Invisibly returns NULL.

Method `describe()`

Describes a Window object.

Usage

Window$describe(printConfig = FALSE)

Arguments

printConfig: Logical. Whether to print object configurations. Default: FALSE.

Returns

Invisibly returns a list storing at least the following fields:

minSize: Minimum allowed segment length.
jump: Search grid step size.
radius: Radius of each sliding window.
costFunc: The costFun object.
fitted: Whether or not $fit() has been run.
tsMat: Time series matrix.
covariates: Covariate matrix (if exists).
n: Number of observations.
p: Number of features.

Method `fit()`

Constructs a C++ module for Window.

Usage

Window$fit(tsMat = NULL, covariates = NULL)

Arguments

tsMat: Numeric matrix. A time series matrix of size $n \times p$ whose rows are observations ordered in time. If tsMat = NULL, the method will use the previously assigned tsMat (e.g., set via the active binding $tsMat or from a prior $fit(tsMat)).

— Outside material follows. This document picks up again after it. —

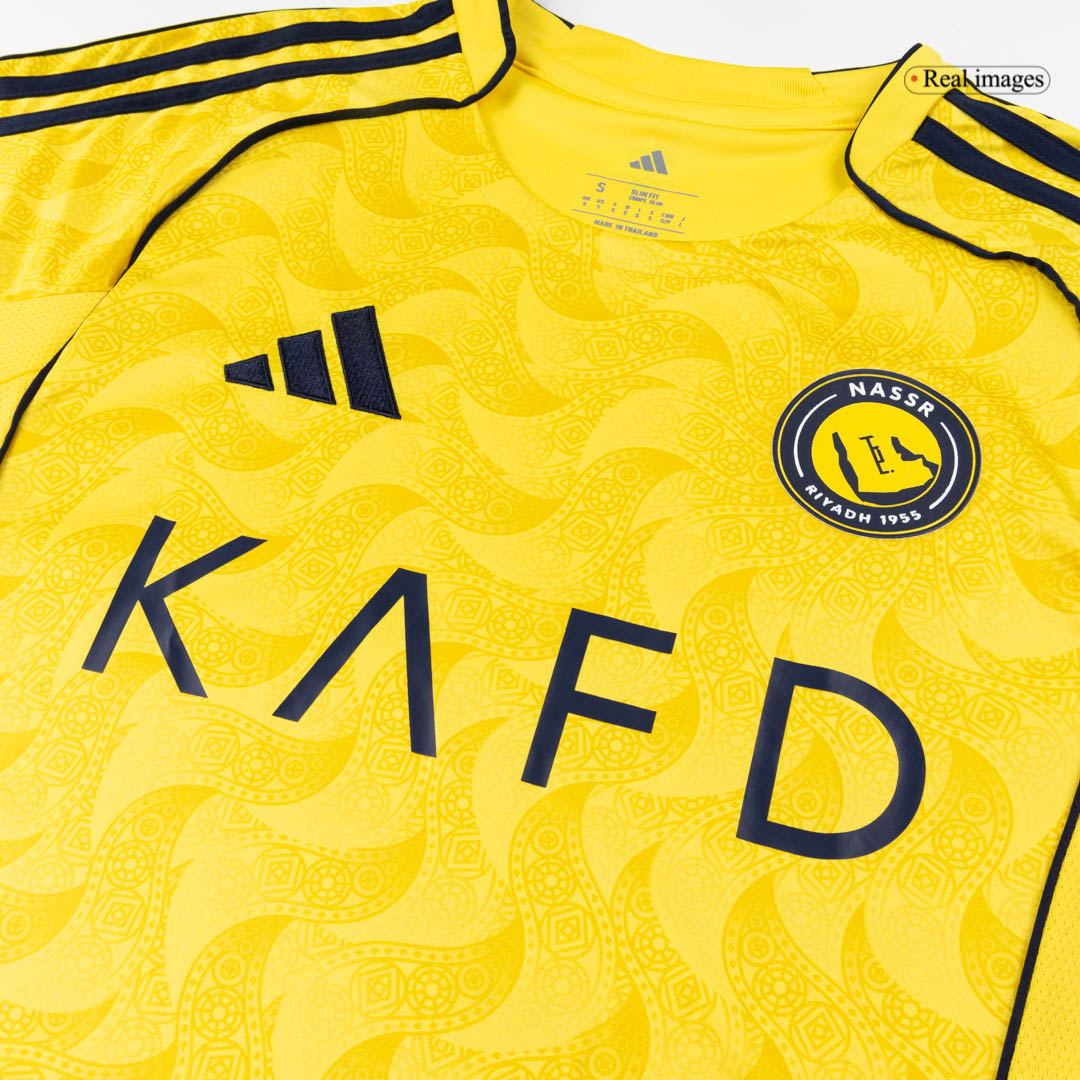 Al Nassr Tröja 2025/26 Hemma Gul-5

Default: NULL.

covariates

Numeric matrix. A time series matrix having a similar number of observations as tsMat. Required for models involving both dependent and independent variables. If covariates = NULL and no prior covariates were set (i.e., $covariates is still NULL), the model is force-fitted with only an intercept. Default: NULL..

Details

This method constructs a C++ Window module and sets private$.fitted to TRUE, enabling the use of $predict() and $eval(). Some precomputations are performed to allow $predict() to run in linear time with respect to the number of local change-points (see $predict() for more details).

Returns

Invisibly returns NULL.

Method `eval()`

Evaluate the cost of the segment (a,b]

Usage

Window$eval(a, b)

Arguments

a: Integer. Start index of the segment (exclusive). Must satisfy start < end.

b

Integer. End index of the segment (inclusive).

Details

The segment cost is evaluated as follows:

L1 cost function: $$c_{L_1}(y_{(a+1)...b}) := \sum_{t = a+1}^{b} \| y_t - \tilde{y}_{(a+1)...b} \|_1$$ where $\tilde{y}_{(a+1)...b}$ is the coordinate-wise median of the segment. If $a \ge b - 1$, return 0.
L2 cost function: $$c_{L_2}(y_{(a+1)...b}) := \sum_{t = a+1}^{b} \| y_t - \bar{y}_{(a+1)...b} \|_2^2$$ where $\bar{y}_{(a+1)...b}$ is the empirical mean of the segment. If $a \ge b - 1$, return 0.
SIGMA cost function: $$c_{\sum}(y_{(a+1)...b}) := (b - a)\log \det \hat{\Sigma}_{(a+1)...b}$$ where $\hat{\Sigma}_{(a+1)...b}$ is the empirical covariance matrix of the segment without Bessel's correction. Here, if addSmallDiag = TRUE, a small bias epsilon is added to the diagonal of estimated covariance matrices to improve numerical stability.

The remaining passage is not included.